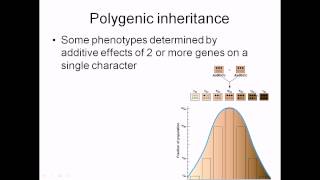 Polygenic inheritance [upl. by Ulphia]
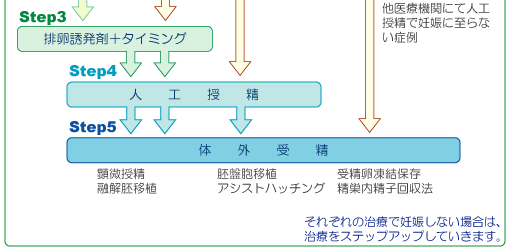 不妊治療チャート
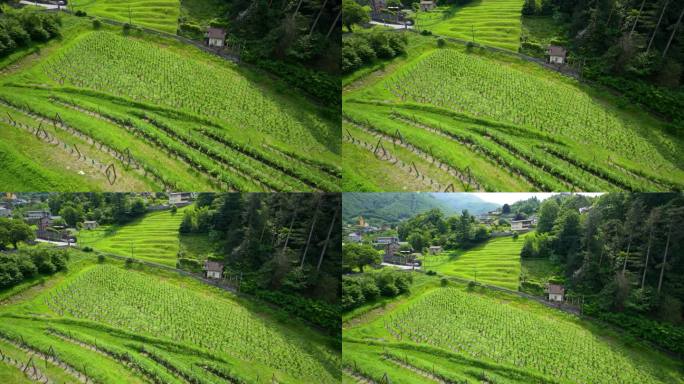 贝林佐纳可能是瑞士最具意大利风情的小镇。绿草如茵。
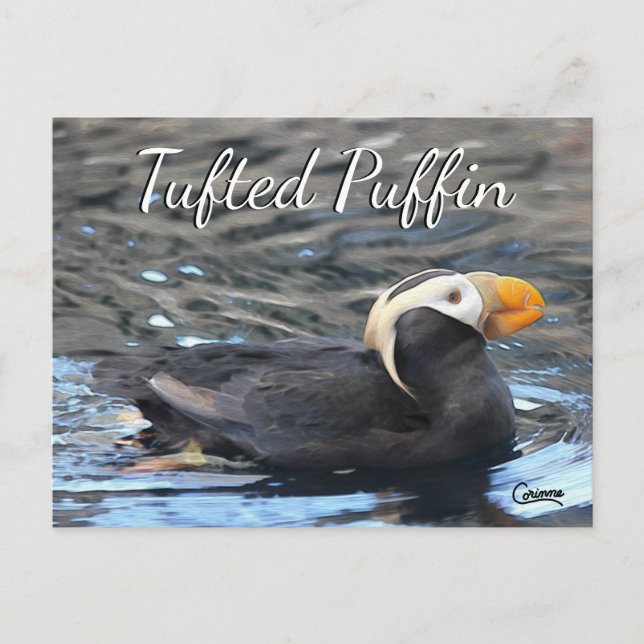 Tufted Puffin - Postcard (Front)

■ Problem to work on ■
Send back the data above word for word, with the pictures left out.

■ Exercise response ■
 Polygenic inheritance [upl. by Ulphia]
 不妊治療チャート
 贝林佐纳可能是瑞士最具意大利风情的小镇。绿草如茵。
 Tufted Puffin - Postcard (Front)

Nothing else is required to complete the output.